**Exercise instructions**. Print out each record below, unaltered and complete, without its images.

(Task input Opens)

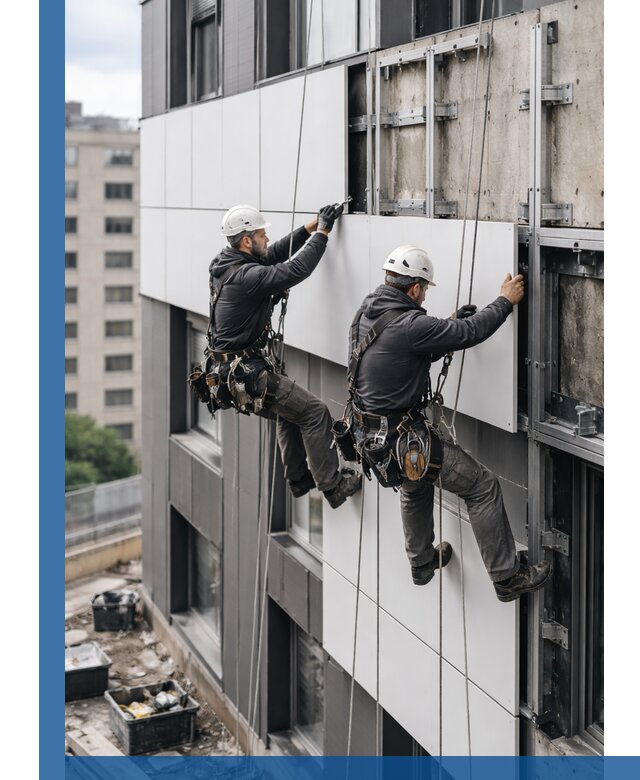 Монтаж композитных панелей фасада в Канске под ключ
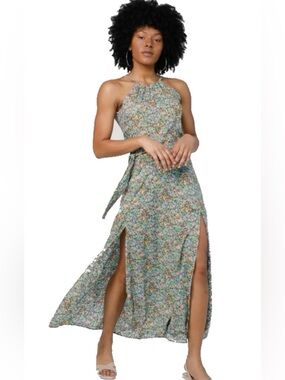 Silk & Salt Floral Halter Maxi Dress with Dual Slits - Green Floral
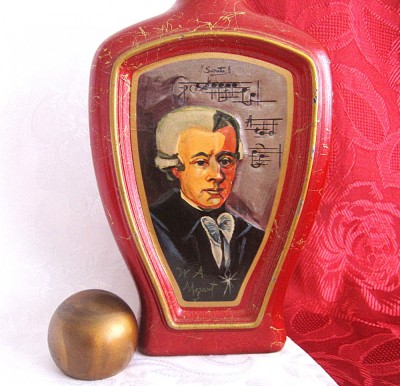 DECANTOR VINTAGE STICLA DE COLECTIE BOURBON WHISKEY JIM BEAM 1970 DECOR MOZART foto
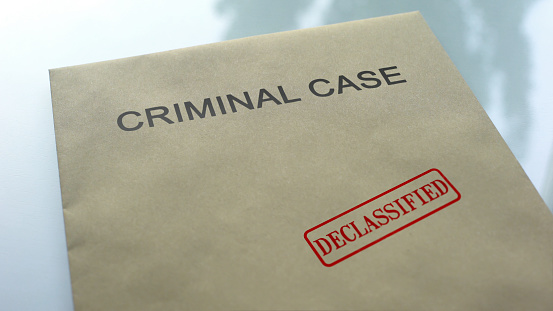 Criminal case declassified, seal stamped on folder with important documents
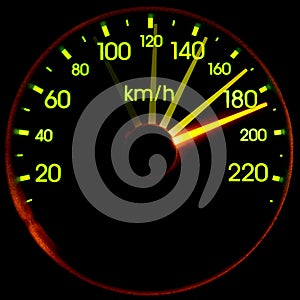 Black speedometer with hand indicating speed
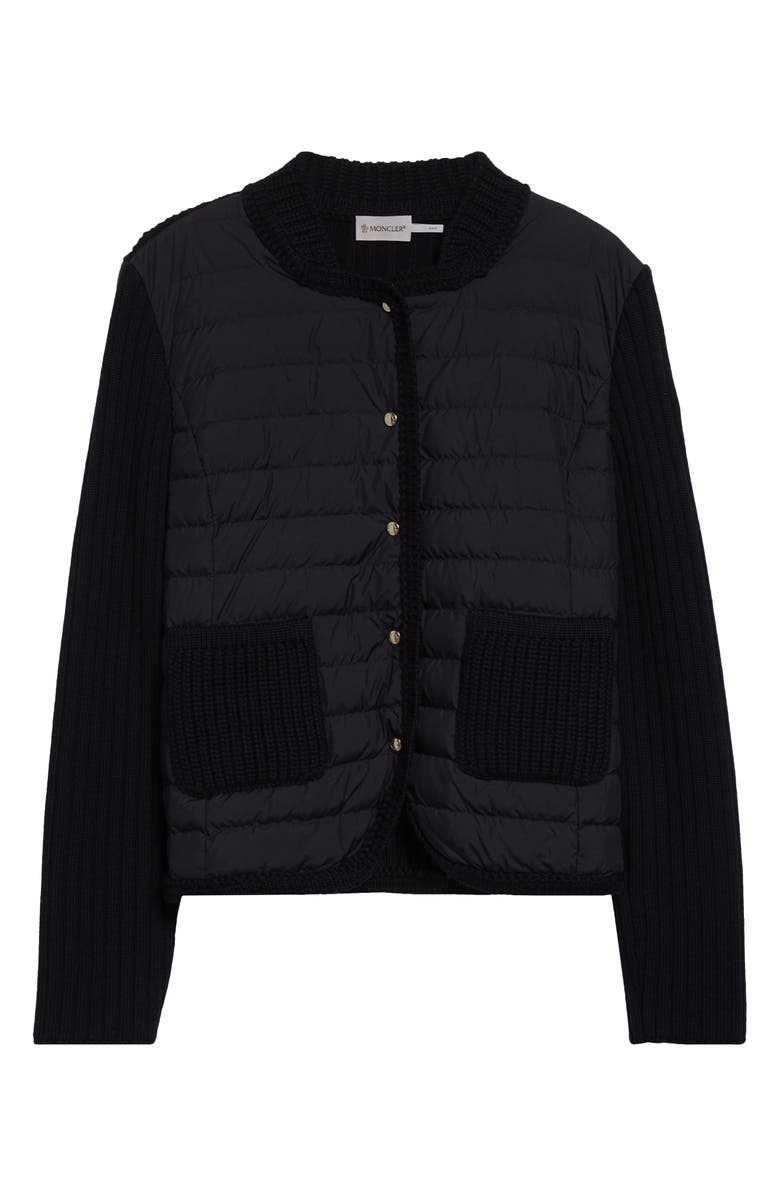 Moncler Quilted Down & Virgin Wool Knit Cardigan, Alternate, color, Navy Blue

(Task input Closes)

**Completed exercise**.
 Монтаж композитных панелей фасада в Канске под ключ
 Silk & Salt Floral Halter Maxi Dress with Dual Slits - Green Floral
 DECANTOR VINTAGE STICLA DE COLECTIE BOURBON WHISKEY JIM BEAM 1970 DECOR MOZART foto
 Criminal case declassified, seal stamped on folder with important documents
 Black speedometer with hand indicating speed
 Moncler Quilted Down & Virgin Wool Knit Cardigan, Alternate, color, Navy Blue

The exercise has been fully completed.